**Prompt:** Leave out the pictures and output the data verbatim.
Top of Source material
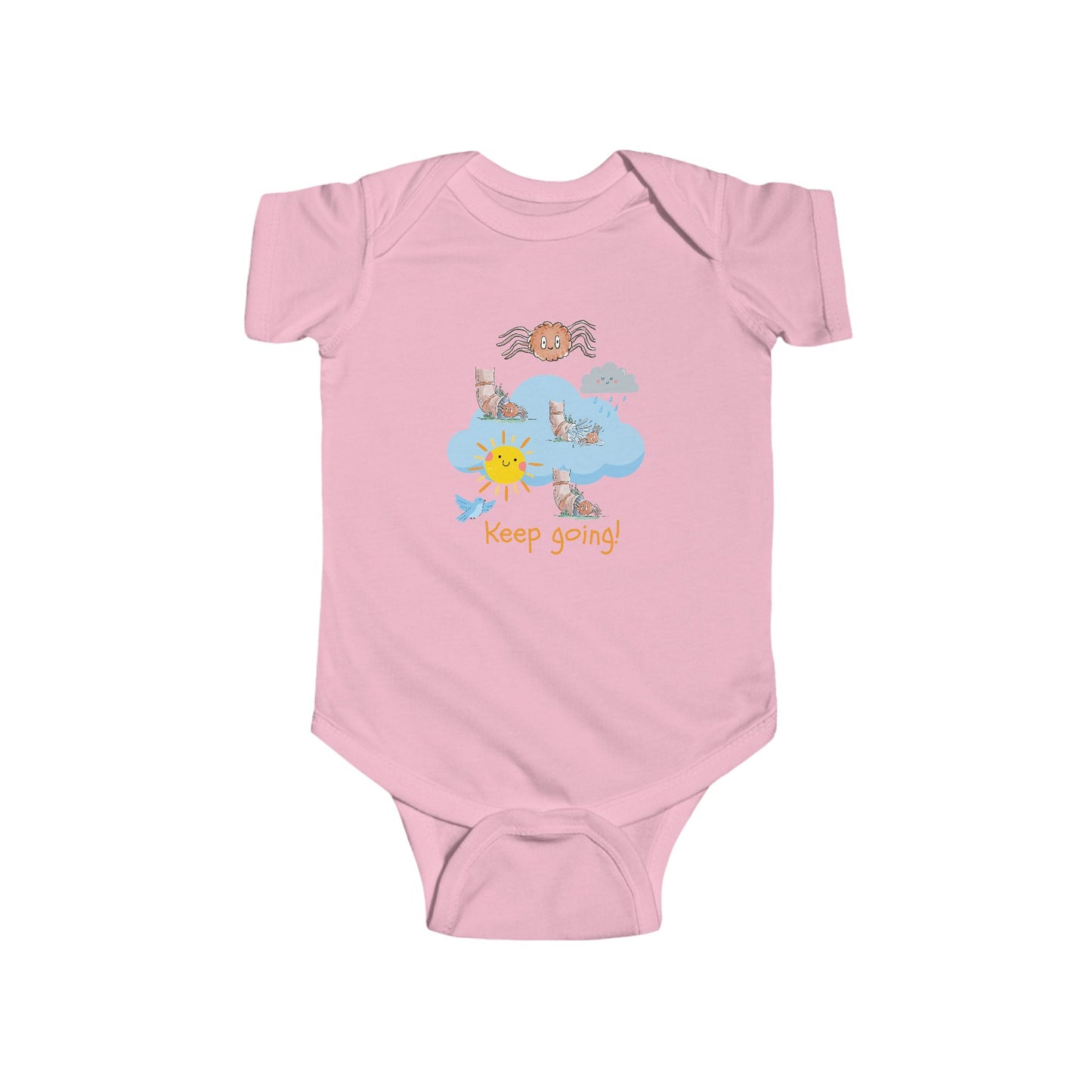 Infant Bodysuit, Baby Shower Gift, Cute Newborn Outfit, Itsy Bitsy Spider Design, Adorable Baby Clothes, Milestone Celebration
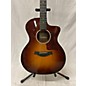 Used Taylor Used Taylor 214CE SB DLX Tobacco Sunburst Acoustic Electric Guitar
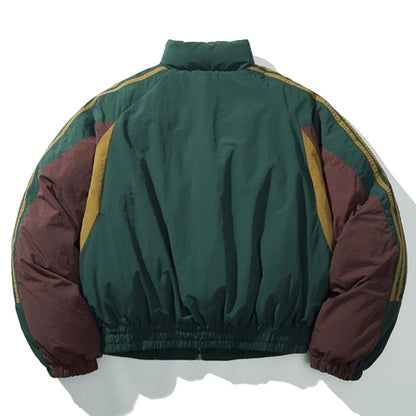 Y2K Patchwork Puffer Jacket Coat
Bottom of Source material
**Exercise result:**
 Infant Bodysuit, Baby Shower Gift, Cute Newborn Outfit, Itsy Bitsy Spider Design, Adorable Baby Clothes, Milestone Celebration
 Used Taylor Used Taylor 214CE SB DLX Tobacco Sunburst Acoustic Electric Guitar
 Y2K Patchwork Puffer Jacket Coat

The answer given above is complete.